Gain on Debt Transactions

During 2020, we acquired $72.5 million in principal of our outstanding Senior Second Lien Notes for $23.9 million and recorded a non-cash gain on purchase of debt of $47.5 million. During 2018, the refinancing of our capital structure resulted in a gain of $47.1 million as a result of writing off the carrying value adjustments related to the debt issued in 2016, partially offset by premiums paid to repurchase and retire, repay or redeem all of our prior debt instruments. See Note 2 – Debt for additional information.

Other Liabilities (long-term)

The major categories recorded in Other liabilities are presented in the following table (in thousands):

December 31, 

2021

    

2020

Dispute related to royalty deductions

$

5,177

$

5,467

Derivatives

 

37,989

 

4,384

Lease liability (Note 8)

 

11,227

 

11,360

Black Elk escrow

 

 

11,103

Other

 

996

 

624

Total other liabilities (long-term)

$

55,389

$

32,938

Share-Based Compensation

Compensation cost for share-based payments to employees and non-employee directors is based on the fair value of the equity instrument on the date of grant and is recognized over the period during which the recipient is required to provide service in exchange for the award. The fair value for equity instruments subject to only time or to Company performance measures was determined using the closing price of the Company’s common stock at the date of grant. We recognize share-based compensation expense on a straight line basis over the period during which the recipient is required to provide service in exchange for the award. Estimates are made for forfeitures during the vesting period, resulting in the recognition of compensation cost only for those awards that are estimated to vest and estimated forfeitures are adjusted to actual forfeitures when the equity instrument vests. See Note 11 – Share-Based Awards and Cash-Based Awards for additional information.

Employee Retention Credit.

Under the Consolidated Appropriations Act, 2021 passed by the United States Congress and signed by the President on December 27, 2020, provisions of the Coronavirus Aid, Relief and Economic Security Act (“CARES Act”) were extended and modified making the Company eligible for a refundable employee retention credit subject to meeting certain criteria. The Company recognized a $2.1 million employee retention credit during the year ended December 31, 2021 which is included as a credit to General and administrative expenses in the Consolidated Statement of Operations.

Other Expense (Income), Net

For 2021, the amount primarily consists of other income related to the release restrictions on the Black Elk Escrow fund, partially offset by expenses related to the amortization of the brokerage fee paid in connection with the Joint Venture Drilling Program.
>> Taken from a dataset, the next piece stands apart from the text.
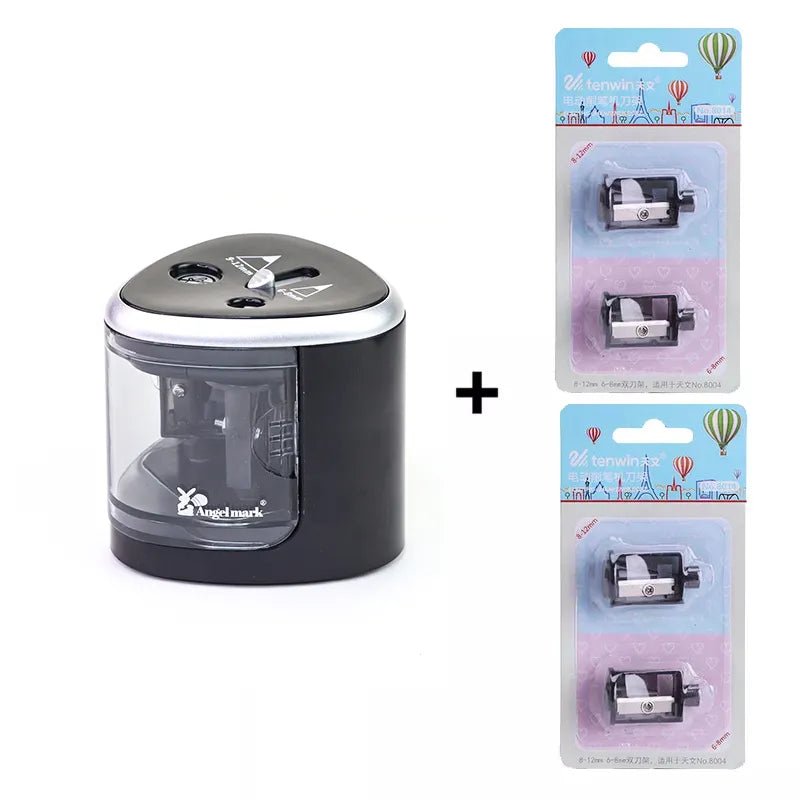 Tenwin Two-Hole Electric Automatic Pencil Sharpener - Polendo Design tenwin two-hole electric automatic pencil sharpener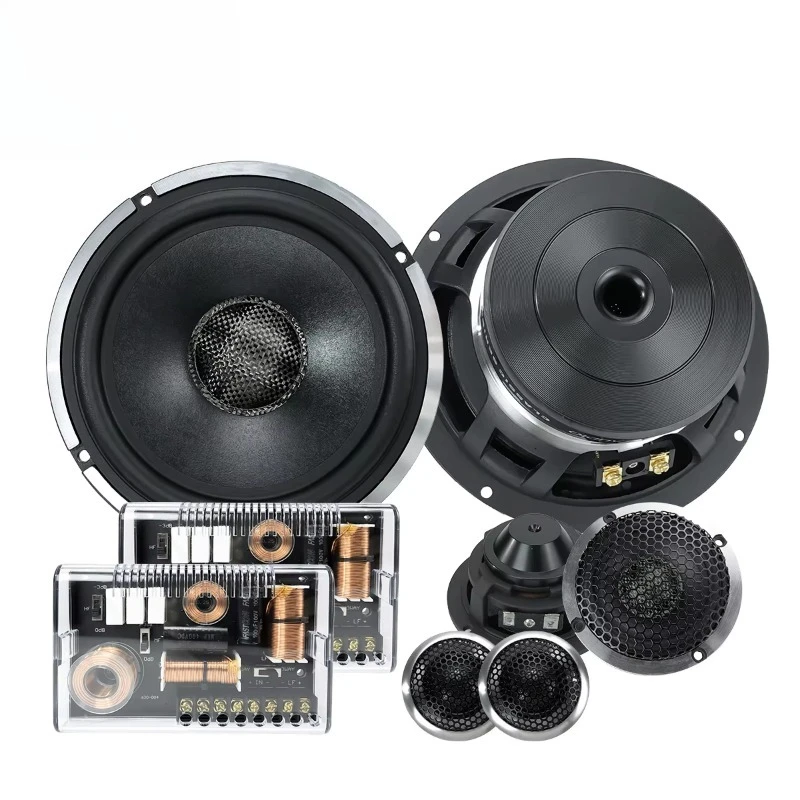6.5 Inch 3 Way Car Component Speaker 200W RMS, Professional Car Audio Sound Speaker Unit for Vehicle Audio System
For 2020, the amount primarily consists of expenses related to the amortization of the brokerage fee paid in connection with the Joint Venture Drilling Program See Note 9 – Restricted Deposits for ARO for additional information regarding the release of the Black Elk Escrow restrictions. For 2019, the amount consists primarily of federal royalty obligation reductions claimed in the current year related to capital deductions from prior periods, and partially offset by expenses related to the amortization of the brokerage fee paid in connection with the Joint Venture Drilling Program.

Earnings Per Share

Unvested share-based payment awards that contain nonforfeitable rights to dividends or dividend equivalents (whether paid or unpaid) are participating securities and are included in the computation of earnings per share under the two-class method when the effect is dilutive. See Note 14 – Earnings Per Share for additional information.